Moreover, the museum last year named as its top curator Tey Marianna Nunn, a Latino studies Ph.D. who seems to embody the current beliefs of the art world that the West should commit ritual cultural suicide.
Nunn is equally at ease discussing “Chicano and Latino art historical and critical theory practice,” “postnational discourse,” how to “decolonize” museums and art, the fate of “Latinx-owned” entities, and decrying how “Anglo transplants” appropriated the culture of her native New Mexico. Not surprisingly, she likes to repeat the ultimate grievance cliché: “We didn’t cross the border; the border crossed us.”
She is known for an infamous 2001 exhibit at Santa Fe’s Museum of International Folk Art that featured a semi-naked rendition of Our Lady of Guadalupe, a religious and cultural icon venerated throughout the Americas.
Rather than the meek Guadalupe of tradition, the Virgin was depicted with bare midriff and legs, sporting a bikini of roses, boxing gloves, and a cloak engraved with the symbols of the Aztec moon goddess “Coyolxauhqui.” The ensemble was held aloft by a saucy, bare-breasted angel.
According to a dissertation on the public scandal that followed, New Mexicans were “up in arms before the exhibit even opened” after they saw the exhibition’s brochure. “Community activists and the Catholic community protested,” demanding the exhibition’s removal, and “from that moment on, protest rallies, prayer vigils, letters, emails, and phone calls infiltrated the historically rich space of New Mexico.”
The exhibition of this atrocity was scheduled for Holy Week, no less. It led to none other than longtime conservative warrior Pat Buchanan featuring Nunn in his 2001 bestseller “Death of the West”—a book about how the 1960s’ counterculture aims to destroy American and Western culture from within.
It’s not hard to deduce, therefore, that museum directors are intent in continuing a DEI approach in their portrayal of Hispanic history and culture.
The Trump administration should therefore ensure that Congress puts a halt to the further development of the museum. No new funding should be appropriated for it, and Congress should hold off authorizing a site for it on the National Mall.

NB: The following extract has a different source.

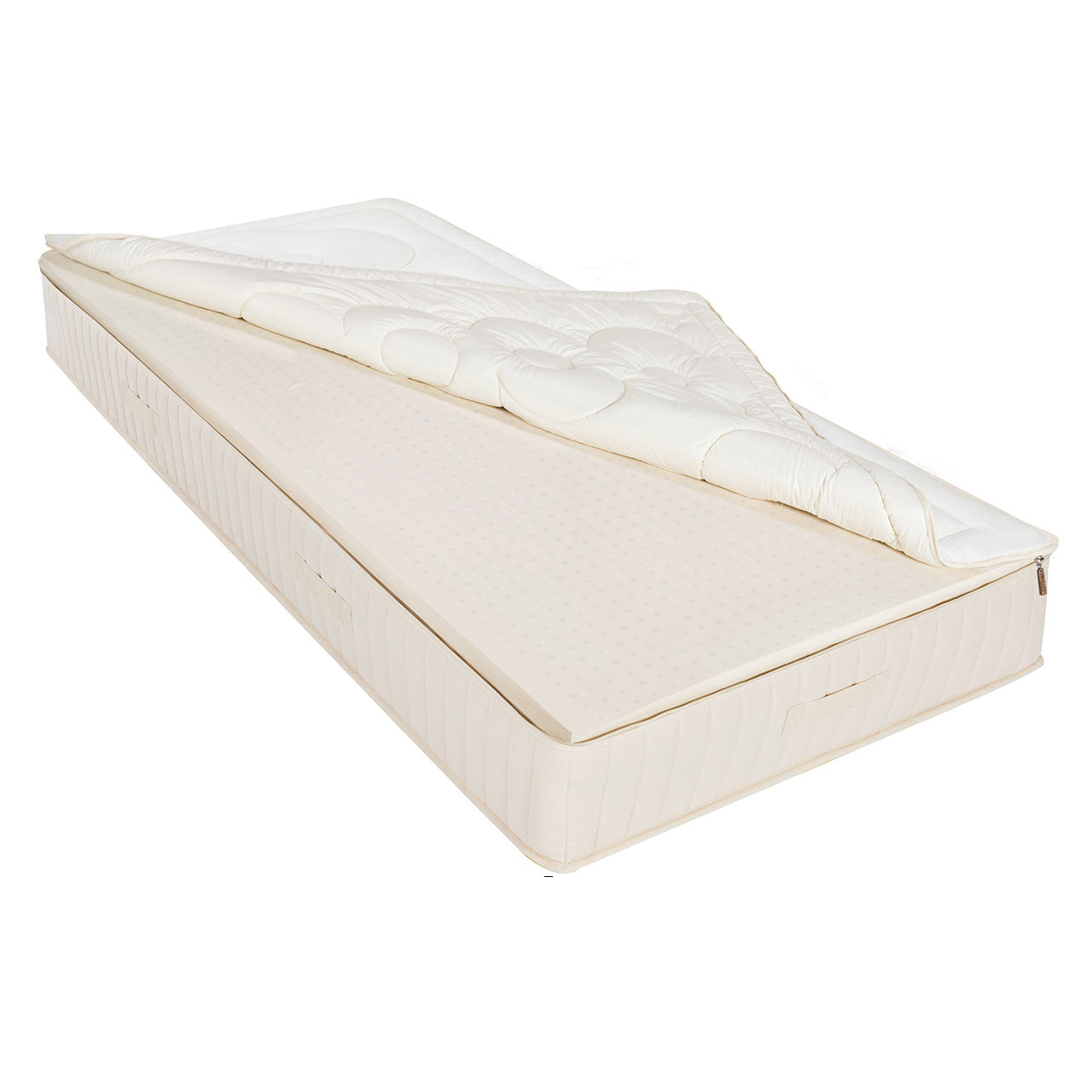 Prolana Madura Superior Naturlatex Öko Matratze mit Bio Baumwolle Bezug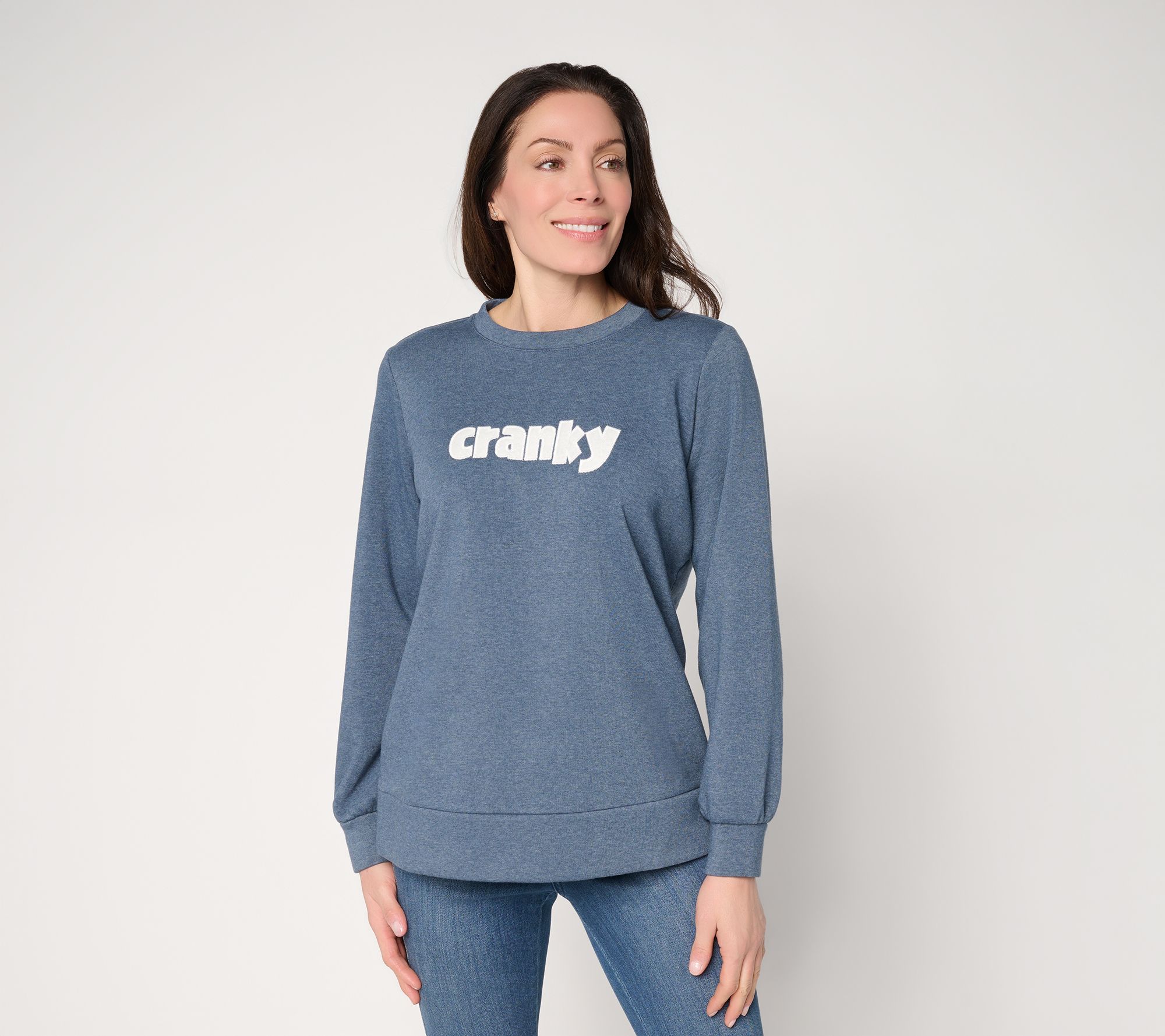 Belle by Kim Gravel Cranky Sponge Fleece Sweatshirt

The ultimate goal should be to rescind the original authorization of the museum.
If that’s not done, the museum will continue to further divide society and “otherize” an amorphous group many of whose members have now voted for Trump and want to be treated like everyone else.
We do not need a Smithsonian Museum that sets out to instill grievances, a “postnational” outlook, or teaches Hispanics—a very diverse groups of people—that their heritage is being appropriated by grasping “Anglos.”
To spend money we don’t have on making one-fifth of the population sullen and resentful would indeed contribute to the death of the West and the American experiment.
Alfonso Aguilar is director of Hispanic engagement at the American Principles Project. Mike Gonzalez is the Angeles T. Arredondo E Pluribus Unum senior fellow at The Heritage Foundation.